What are the Risks Associated with a Caesarian Section?

The most common problems following cesarean delivery are heavy bleeding, endometritis, bladder injury, and blood clots in the large veins of the legs, pelvis or lungs.

Written by: Ariba Khaliq Updated at: 2015-02-09 00:00

Caesarian sections are being performed more commonly now-a-days. Many women opt for it as a planned procedure to avoid labour pains or the possible complications of vaginal birth. However, it is not without risks.


Risks for the Baby

  • Breathing problems: The risk of developing breathing problem that is transient tachypnea of newborn is higher in babies delivered by caesarian section. Transient tachypnea of newborn is a breathing problem which causes abnormally fast breathing during the first few days after birth. The risk of this complication is higher in babies who are delivered by elective C-sections before 39 weeks of pregnancy and in babies who are delivered before completing term (that is 37 weeks of pregnancy). The problem develops as the baby's lungs are not mature.

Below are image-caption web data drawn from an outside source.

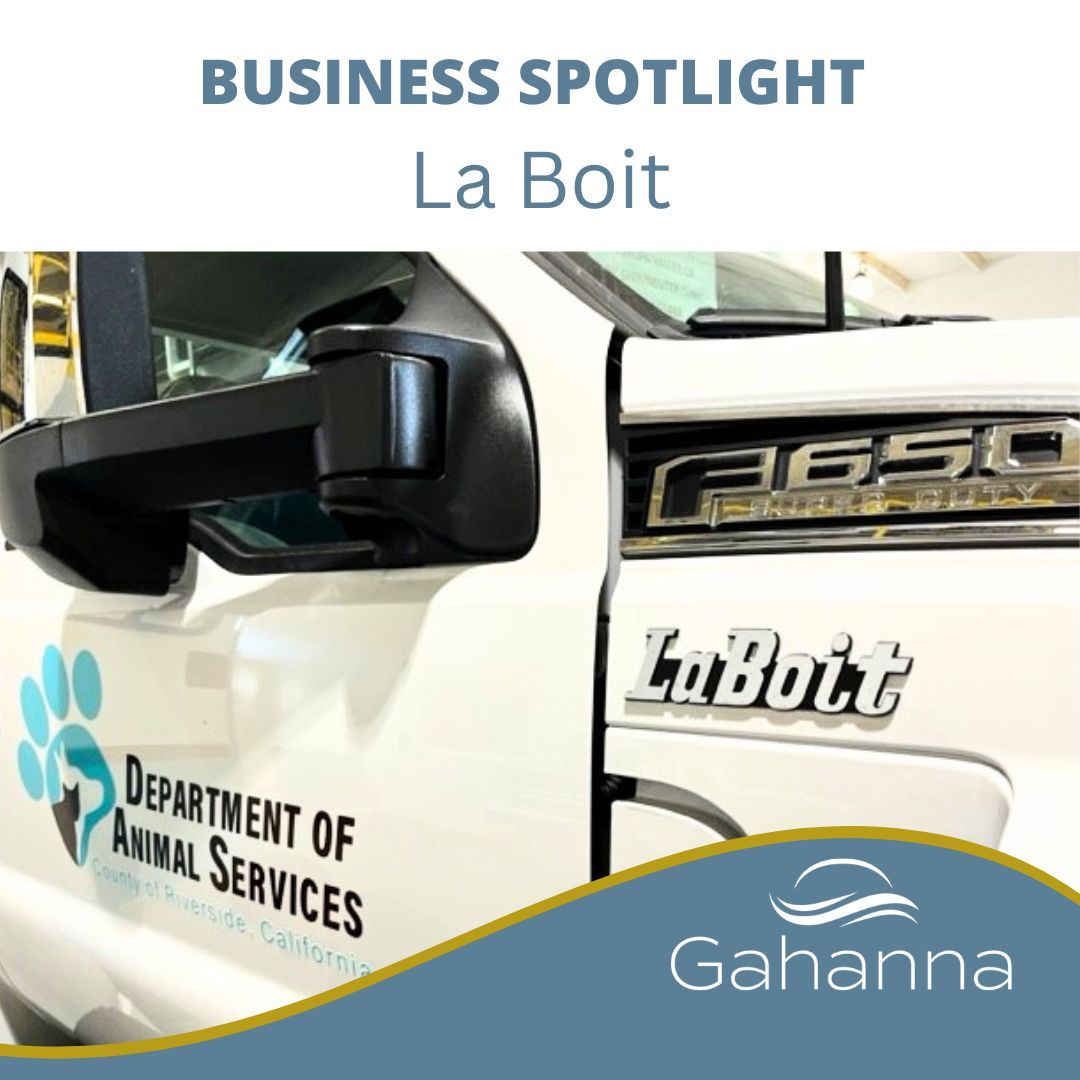 Business Spotlight (1)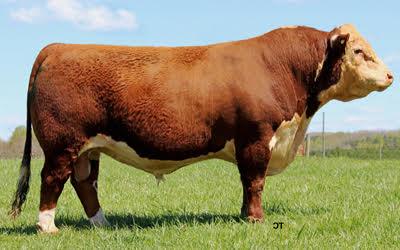 Lot 1 Sire - Kcf Bennett Encore Z311 ET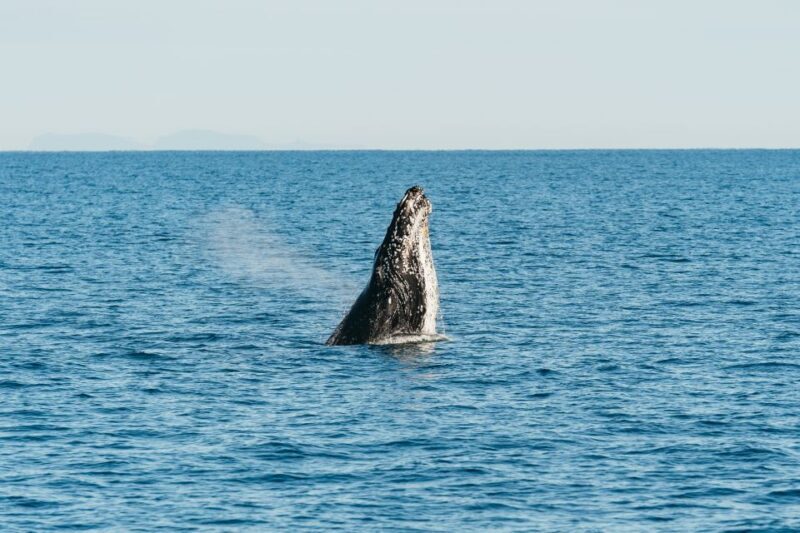 Hervey Bay: Exclusive Whale Watch Encounter - Final Words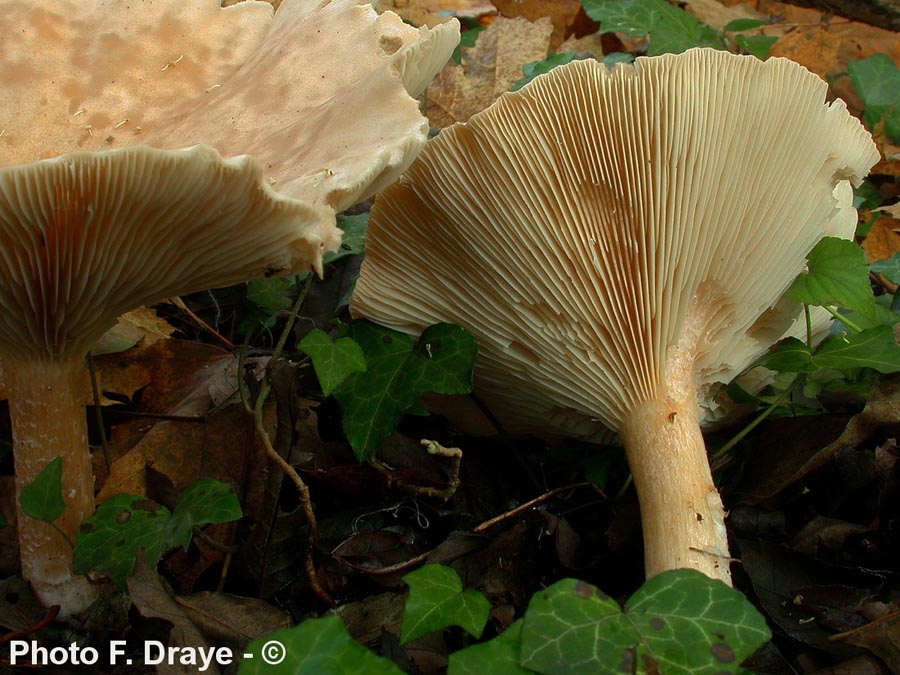 Clitocybe geotropa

  • Fetal injury: This is a rare complication but accidental nicks to the baby's skin or other parts can occur during surgery.


Risks for the Mother

  • Longer recovery: The recovery time after C-section is longer as compared to vaginal birth. After vaginal delivery the mother recovers within a few days and becomes well enough to care for herself and the baby. But after a C-section you may need help for a few weeks to take care of your house, household work and other children (if you have).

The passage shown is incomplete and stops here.